▶ _Data excerpts_
§ §
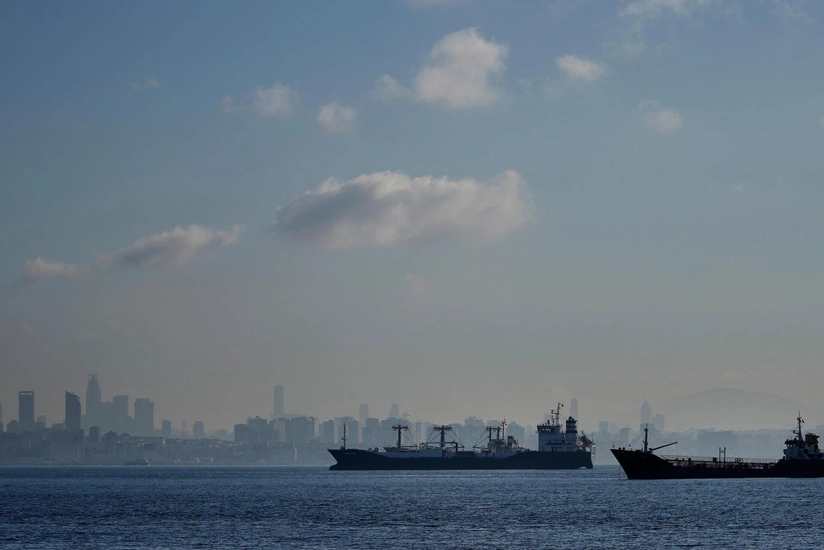 Транзит судов через Босфор временно перекрыли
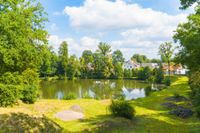 Traumhaftes Wohnen am See: Exklusives Parkgrundstück in bester Lage der Wedemark Niedersachsen - Wedemark Vorschau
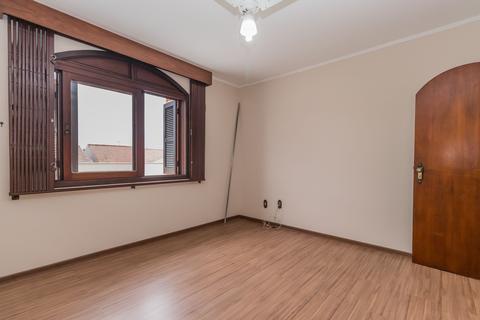 Image 38 - 215915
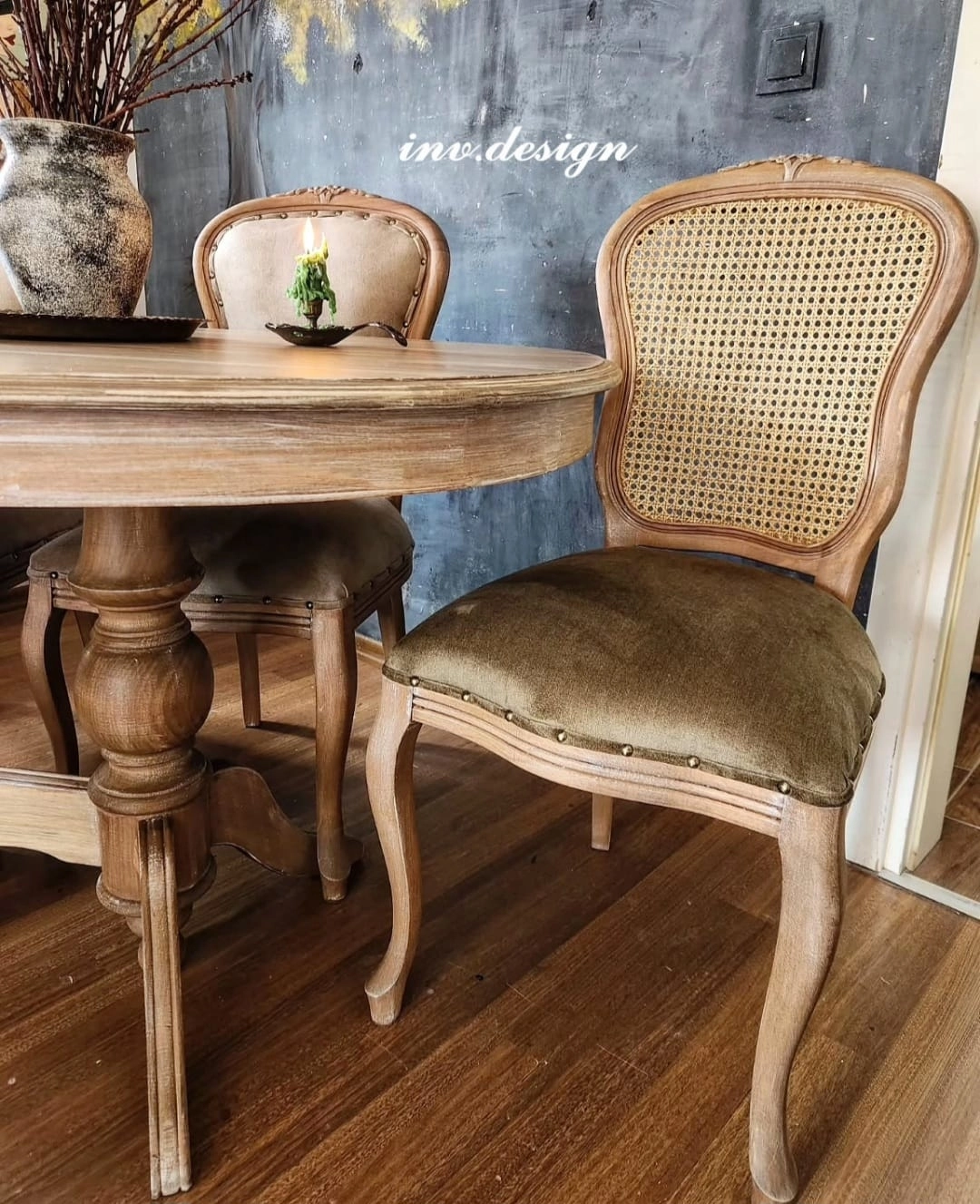 Hazeranlı Kadife Döşeme Kolsuz Sandalye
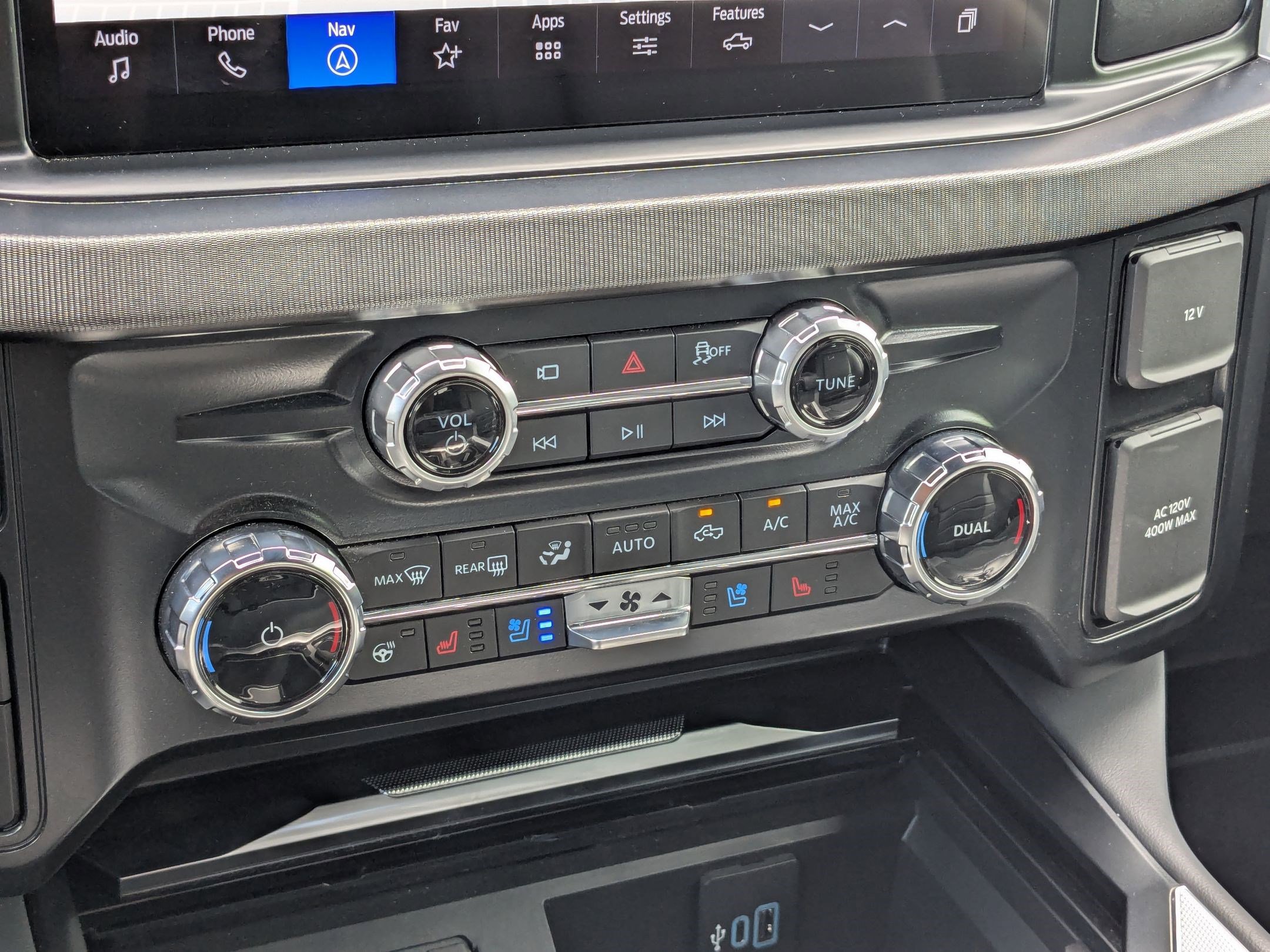 Certified 2026 Ford F450 Platinum w/ FX4 Off-Road Package AWD/4WD image 29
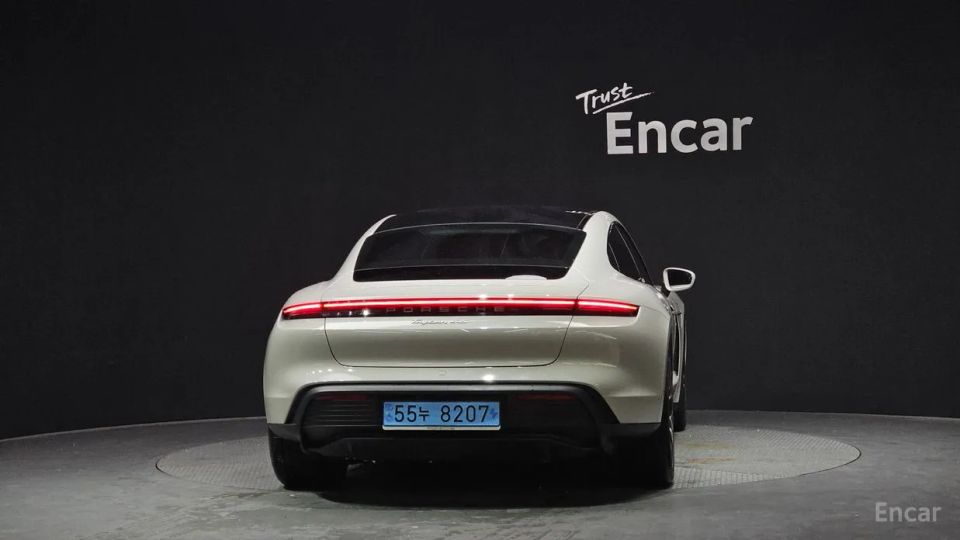 Porsche Taycan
§ §
▶ _About this exercise_
Output the records exactly. Drop the images.

▶ _Output below_
 Транзит судов через Босфор временно перекрыли
 Traumhaftes Wohnen am See: Exklusives Parkgrundstück in bester Lage der Wedemark Niedersachsen - Wedemark Vorschau
 Image 38 - 215915
 Hazeranlı Kadife Döşeme Kolsuz Sandalye
 Certified 2026 Ford F450 Platinum w/ FX4 Off-Road Package AWD/4WD image 29
 Porsche Taycan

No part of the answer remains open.